D’autres militantes du collectif de la grève féministe Vaud notent que tout s’est toujours très bien passé avec la police jusqu’à maintenant, à quelques détails près. «Les autorités se montrent toujours plus restrictives, alors que toutes nos manifestations se passent de façon pacifique», nous confient certaines d’entre elles.
Némésis: les pros de l’infiltration
À noter que les membres de la vague violette certifient que les autorités ont été averties plusieurs fois du danger que représente le groupuscule Némésis.

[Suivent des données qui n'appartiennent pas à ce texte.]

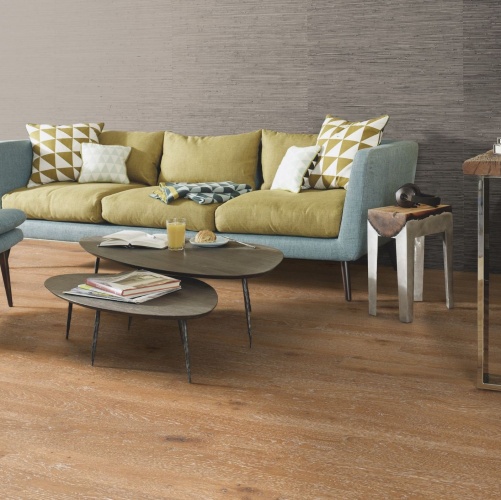 Массивная доска Boen Solid Plank Stonewed Old Grey Дуб Натур с брашью (Текстурированная) 800-2220х137 мм OGCA4KWD - Вид №1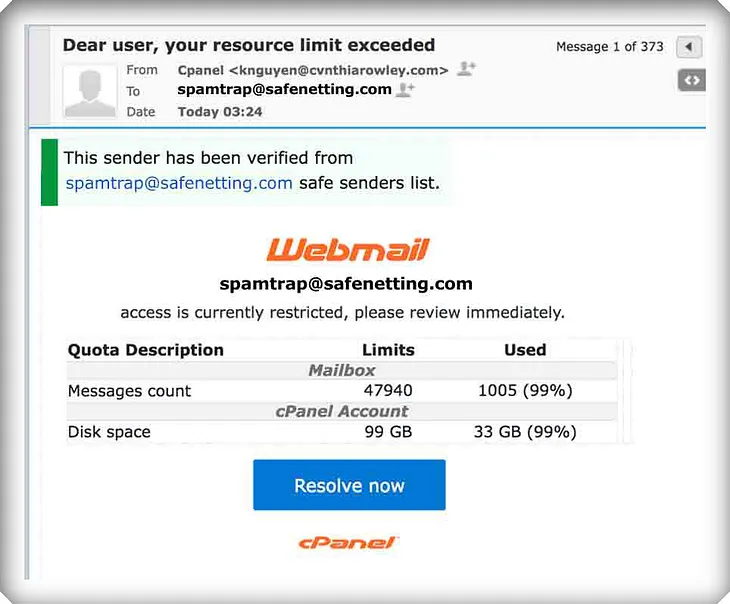 Beware of the cPanel Bandits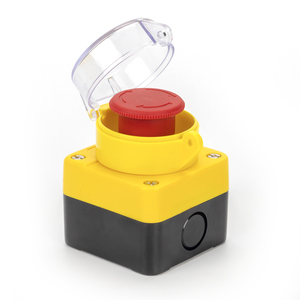 Bouton-poussoir d'arrêt d'urgence à tête de champignon rouge 10A autobloquant en plastique pour protection d'équipement - Product Image 3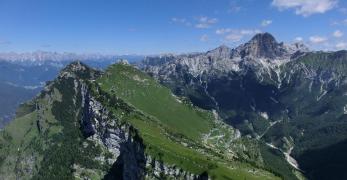 La Pala Alta, il Monte Zita e il Monte Duranno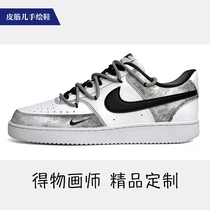 Custom Balls Shoes Get Things DIY Hand-painted Ink Fainting Minimalist Cleaning And Dyeing Deconstructed Laces Splash And Send Male Gifts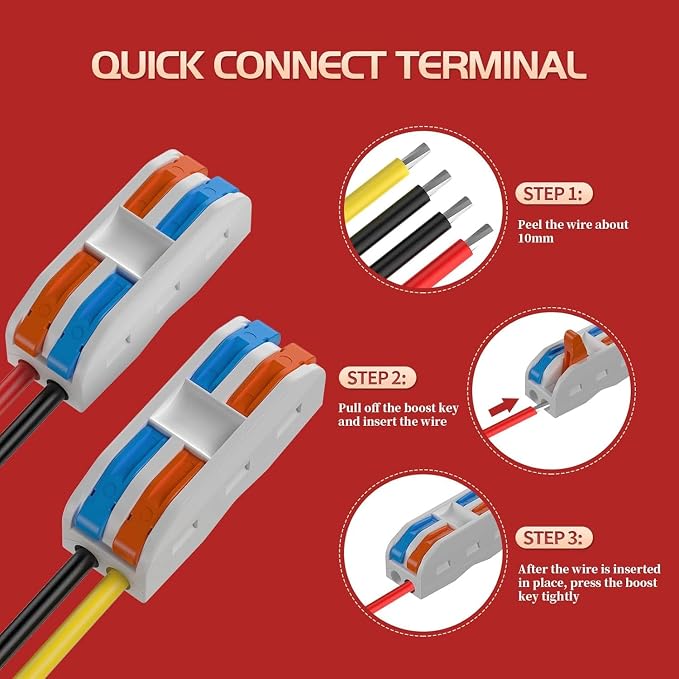 24V to 12V Converter with Fuse, Waterproof, Wire Terminal Block - 18V to 12V Step Down Converter 5A 60W, DC to DC for Golf Cart, Truck, Boat (Accepts 15-40V Inputs)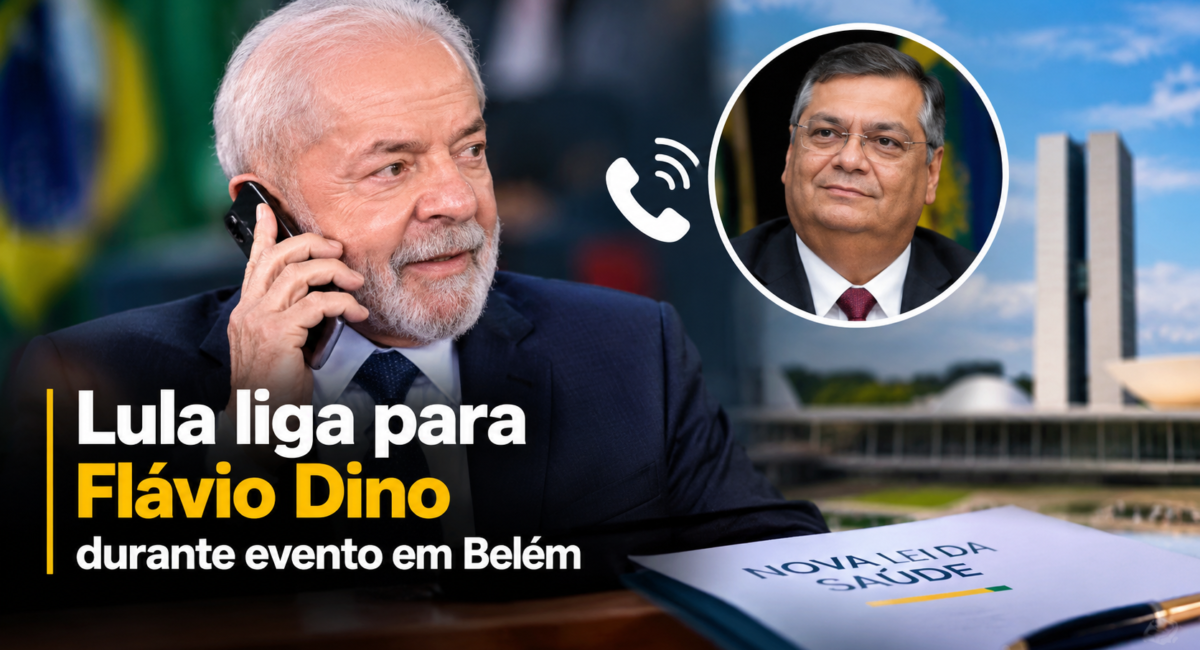Lula liga para Flávio Dino durante evento e ligação ao vivo gera reação política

Plusieurs d’entre elles ne se sont d’ailleurs pas privées de s’introduire dans d’autres rassemblements organisés par le collectif vaudois, comme le 8 mars 2022, lors de la Journée internationale des femmes, ou le 14 juin 2022, date à laquelle se déroule traditionnellement la grève féministe.
De leur côté, les membres de Némésis, auteures des banderoles condamnées, ont-elles été appréhendées pour leurs actions ou leurs propos? Pas du tout. Contactée par Blick, la porte-parole de la section suisse de Némésis confie n’avoir pas eu de problèmes avec les autorités. Une information confirmée par le Ministère public, qui indique que parmi les autres personnes présentes, une seule a fait l’objet d’une plainte d’un policier pour injure. La procureure a rendu une ordonnance de non-entrée en matière.